So last month we upgraded from Veeam B&R 8.0 to 9.0U1 (We have plans to be on 9.5U1 in the next month or so) and we experienced an odd issue with our remote site backup copy jobs.
For context we have five sites that are several hundred km away and we perform backup copy jobs over the WAN with our remote sites connected via DMVPN on 10Mb/10Mb links to our primary sites that are connect via 100Mb/100Mb links.
At our remote sites we're performing daily forward incremental with weekly active full backups.
These are all being copied via a backup copy job that runs daily from 4am-8am, we have it keeping a two week chain before pruning the last active full with a health check being performed weekly on Sunday with all backups going to our Data Domain using DD Boost.
Prior to the upgrade we'd never had a reported issue with backup copy jobs.
After the upgrade we noticed that the first weekly full copy reported "Processing $server Error: The storage file '/$Job_name/$Backup_File.vib' was not verified."
For troubleshooting I did new local fulls to be copied over and new active fulls from the copy job portion, eventually they would all report not verified again.
I cloned a new job from the old job and at first the job was successful but then failed again with not verified.
I ran the Veeam backup from https://www.veeam.com/kb2086
and it reported the backups as valid but the job was still saying not verified.

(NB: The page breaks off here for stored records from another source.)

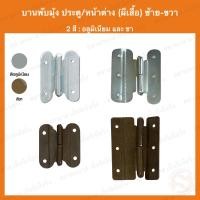 ราคา บานพับมุ้งลวด บานพับผีเสื้อ บานพับหน้าต่างมุ้งลวด แบบ ผีเสื้อ (19440203214)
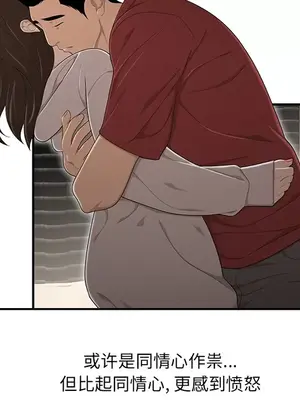 性愛百分百 1-48話[完結]_029094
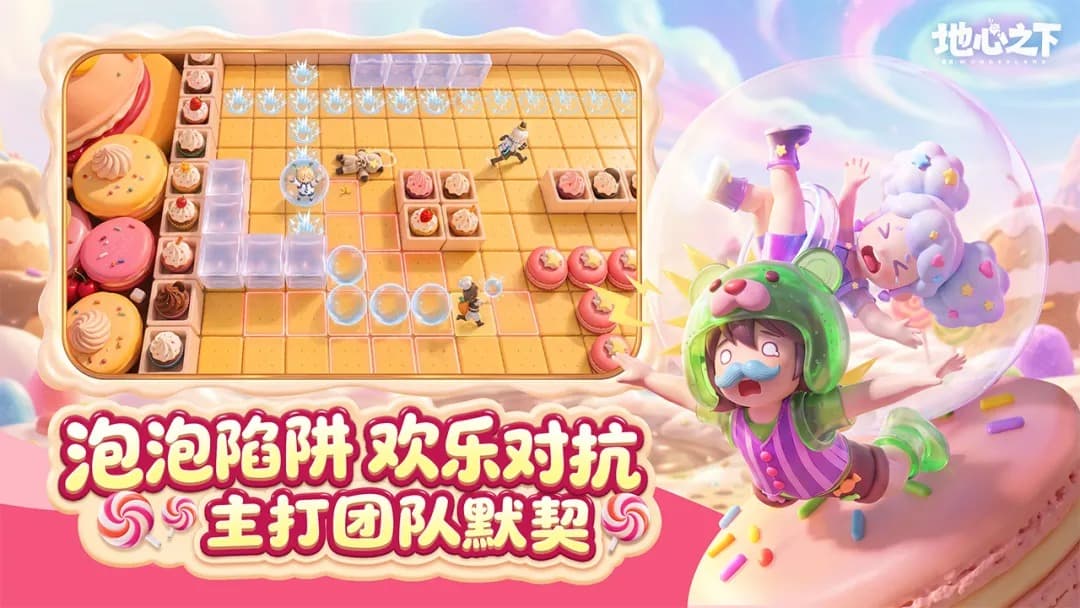 重返地心之下手机版截图4
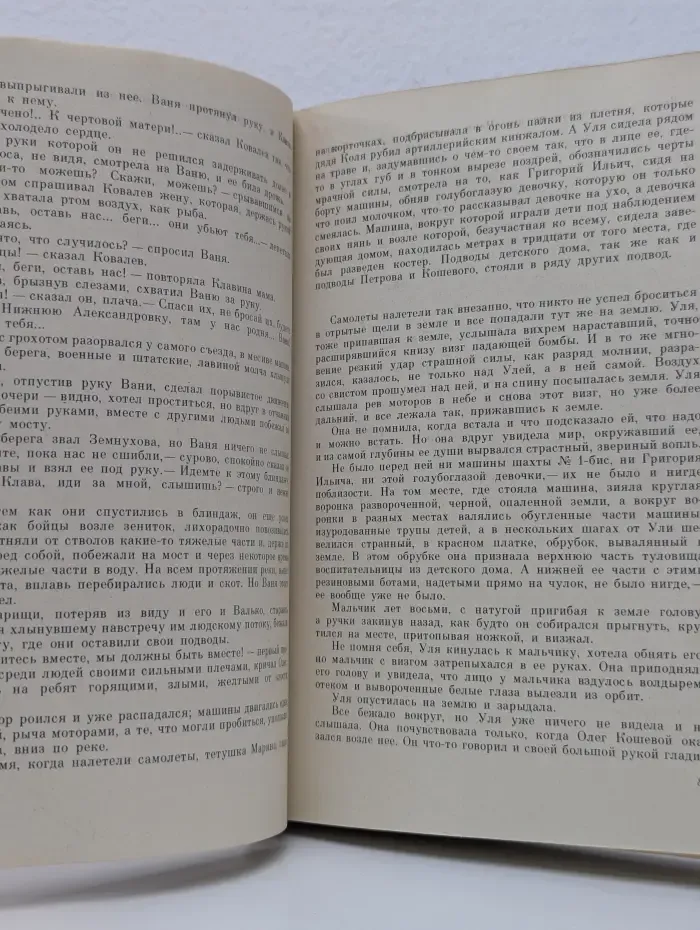 Школьная библиотека. Молодая гвардия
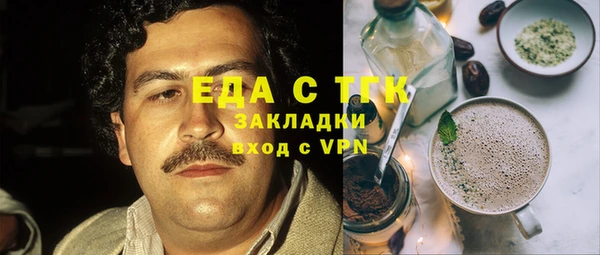 PSILOCYBIN Сосновка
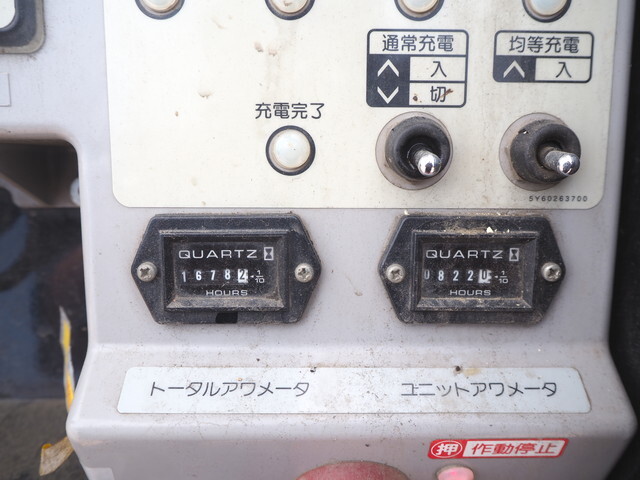 日野デュトロ高所作業車小型（2t・3t）[写真21]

Through this I also created a support case to troubleshoot the issue 02053972 as I was stumped on what could be causing this issue since I effectively created a whole new chain, new folder structure and new copies.
Eventually the only thing that seemed to resolve this is manually creating a new job and setting it up the same as the original job and running copies with that.
So I have a few questions I am hoping might be able to get answered.
Why would the Veeam Validator report a valid backup job on the target repository but Veeam B&R report the backup copy job is invalid?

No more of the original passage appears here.